Sharon Leahy-Lind, the state agency director who said her bosses at the Maine Center for Disease Control ordered her to shred public documents and harassed and discriminated against her when she refused, has resigned.
In a statement released through her lawyer Wednesday afternoon, Leahy-Lind said her job has been "impossible to do" since she filed her complaint with the Maine Human Rights Commission in April. She said she has been treated with disdain and disrespect and has been denied basic work tools, including an office phone.
Leahy-Lind's lawyer, Cynthia Dill, said her client had to do her work using a state-issued BlackBerry cellphone.
"(That) was unsatisfactory for a high-level professional who conducts numerous conference calls daily," Dill said.
She said she believes the delay in getting a desk phone was connected to the renovation of Lisa Sockabasin's office. Sockabasin, director of the Office of Minority Health, is one of the CDC officials Leahy-Lind had accused of harassment in her complaint to the Maine Human Rights Commission.
"It's not a coincidence that my client was deprived of an office phone and treated like a pariah," Dill said.
Leahy-Lind said Wednesday that her resignation was also prompted by the hiring of a new district liaison, an employee who would report directly to her. She said she wasn't allowed to conduct a second interview with top candidates, that candidates' expertise and experience was ignored and that the person ultimately chosen by CDC Director Sheila Pinette was not the person most qualified for the position.
Leahy-Lind said she believes one well-qualified candidate was rejected because that person witnessed some of the actions Leahy-Lind had complained about.
"Public health jobs should be filled by the best and the brightest; lives are on the line," she said. "I can no longer work in an environment where experience and expertise is cast aside, people are discouraged from acting honorably and those who come forward with complaints are targeted for harassment and abuse."
The Department of Health and Human Services oversees the CDC. A spokeswoman for that department declined to comment, citing personnel issues.
Leahy-Lind made headlines this past spring when she alleged, among other things, that her bosses at the Maine CDC ordered her to destroy public documents and then harassed and assaulted her when she refused. Those documents, she said, showed the scoring results for the 27 Healthy Maine Partnerships at the center of last summer's controversy over state funding. She said the scoring was manipulated to favor certain organizations over others.
Leahy-Lind said she refused to destroy the documents because that would have been illegal. When the CDC's deputy director, Christine Zukas, learned that she hadn't destroyed the documents, according to Leahy-Lind's complaint, she "physically assaulted me and ordered me to take the documents to my home and destroy and dispose of them there." Leahy-Lind said she again refused and stored the records in files at her office.

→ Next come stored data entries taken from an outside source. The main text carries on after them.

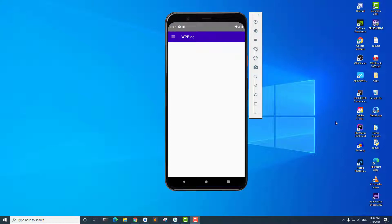Hey everyone, this is Vikas from Small Academy, and welcome to another video on converting a WordPress blog into an Android application. In the last video we created the navigation drawer, and now in this video we're going to go ahead and learn about JSON structure.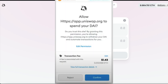One other thing that you might want to be a little careful of is unlimited spends. You may have seen this sometimes on Uniswap or sometimes on the BSC network — a little pop-up will come and it will ask you to allow Uniswap, or whatever, to spend your token.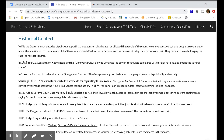We need to discuss our historic context — what was going on at the time that led to a debate over the regulation of railroads. While the government's decades of policies supporting the expansion of railroads allowed people to move westward, some people grew unhappy about the practices of those railroads. All of those who moved west to start a farm relied on the railroads to ship their crops to market. They had no choice but to pay the rate the railroads charged. In 1789, the U.S. Constitution was written, and the Commerce Clause gave Congress the power to regulate commerce with foreign nations and among the several states.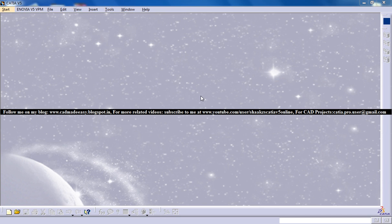Hello friends, this is Mohammed Shaqeel here and in this tutorial I'm going to show you how you can use the tool Inertia which is coming in CATIA V5.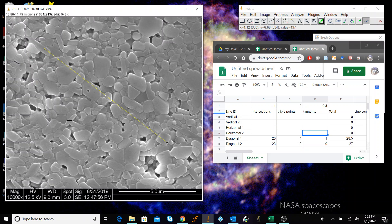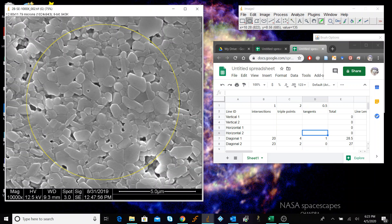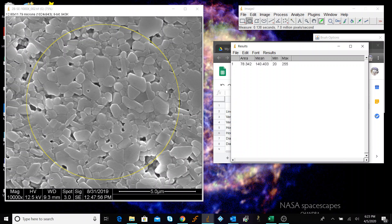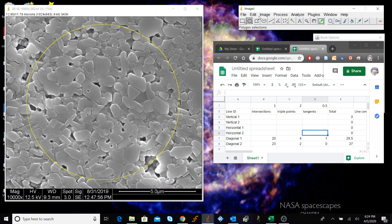That is the whole essence of the method: counting intersections, triple points, and tangents, adding them up using the equations in ASTM standard E112, or your lab handout, to perform your calculations. This can also be done with a circle — we can draw a circle of known diameter, do Control+Measure to get the area, and back-calculate the radius and circumference from there.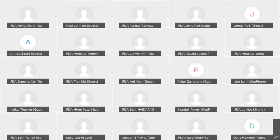Good morning everyone. It is my privilege to welcome you to the diffusion cell apparatus session on day three of the IVRT-IVPT workshop. As just introduced by Dr. Pali, my name is Ron Wang and I'm the Acting Associate Director at Division of Bioequivalence I in OGD-FDA.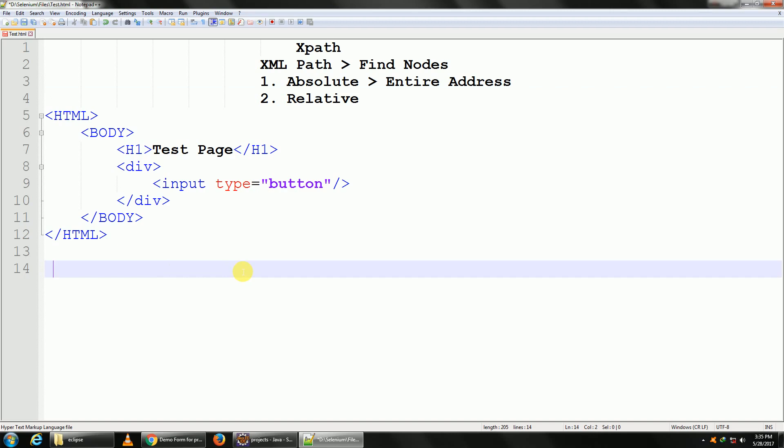If you talk from a layman's point of view, say if you are living in New York, then your absolute address would be you are living in the continent of North America, in the country of USA, and go on so forth all the way till your home. That would be the absolute XPath or your absolute address.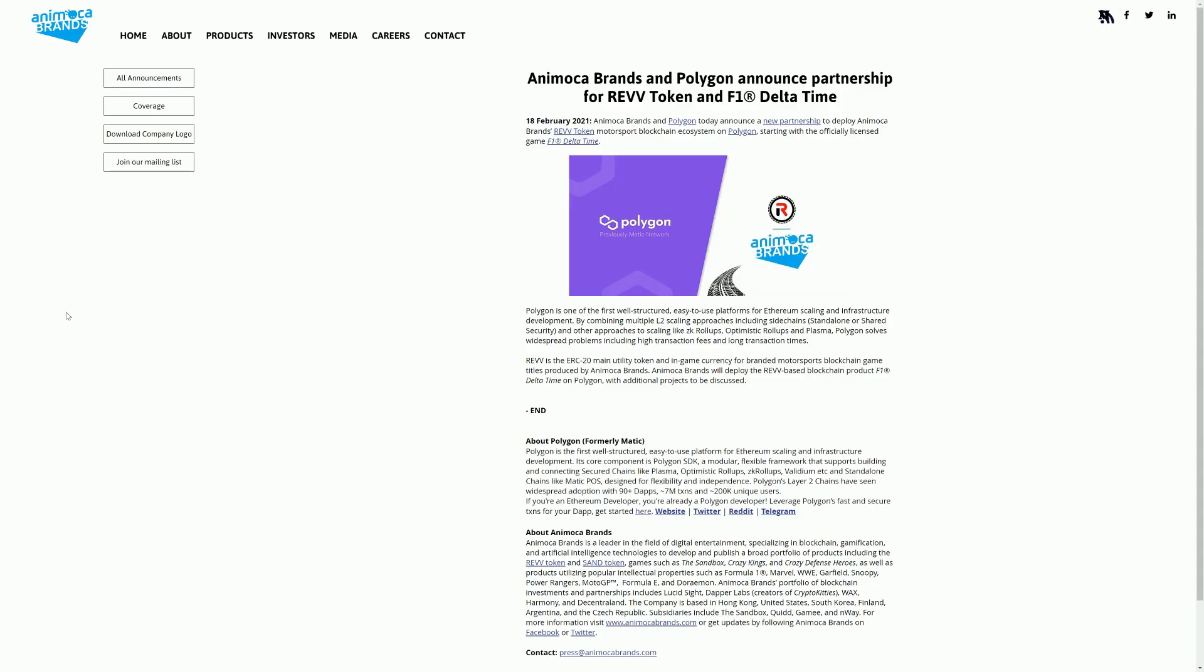Hello and welcome to Blockchain Gaming World Daily with me John Jordan. So the news today is Animoca Brands is partnering up with Polygon.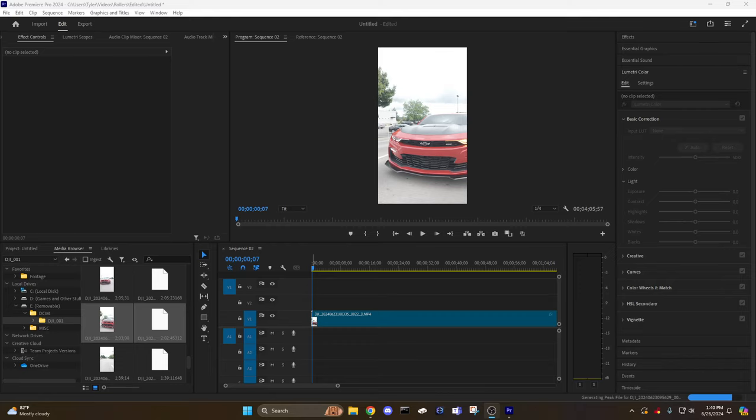For the DJI Osmo Pocket 3, DJI does have one on their site. I'll go there in a second and link it in the description below. Basically, a LUT is a color corrective cube file for Premiere Pro or other editing software for raw footage. In this case, the Pocket 3 is D-Log, that's how DJI does theirs.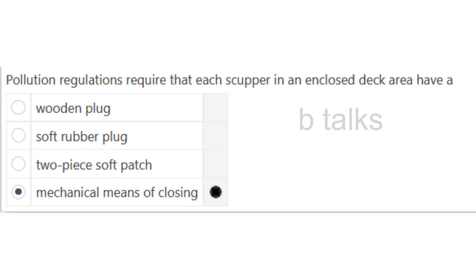Pollution regulations require that scuppers in an enclosed deck area have a: Wooden plug, Soft rubber plug, Two-piece soft patch, or Mechanical means of closing? Answer: Mechanical means of closing.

After that, Leahy-Lind said, Zukas and Sockabasin retaliated and discriminated against her. At one point, she said, she was told "to 'shut my f'ing mouth' by (Sockabasin) and not to mention the favorable treatment given to the Tribal Healthy Maine Partnership, or face adverse employment consequences."
At another point, she said, Sockabasin screamed at her and called her "a stupid-ass goody-two-shoes."
Leahy-Lind said she was repeatedly assaulted, both physically and verbally.
Leahy-Lind, Sockabasin and Zukas each have their supporters.
The Maine Human Rights Commission has Leahy-lind's complaint. Dill said her client plans to add her latest grievances to that complaint. However, she also said Leahy-Lind will likely pull the complaint from the Maine Human Rights Commission and request the right to sue in court. A court case will allow her to add claims not within the Maine Human Rights Commission's jurisdiction.
The Office of Program Evaluation and Government Accountability, known as OPEGA, is looking into how the CDC allocated money to Healthy Maine Partnerships and whether any public documents were ordered to be destroyed. The office expects to report on its findings this fall.
The Attorney General's Office is actively reviewing the allegations of document-shredding. The AG's Office generally conducts a review to determine whether there is basis for an investigation.
Sockabasin was recently named a DHHS tribal liaison, making her responsible for collaborating with Maine's federally recognized tribes. Because the DHHS spokesperson did not immediately respond to a phone message or additional questions posed over email Wednesday evening, it is unclear whether that role is in addition to her job as director of the Office of Minority Health and, if so, whether it comes with a pay increase.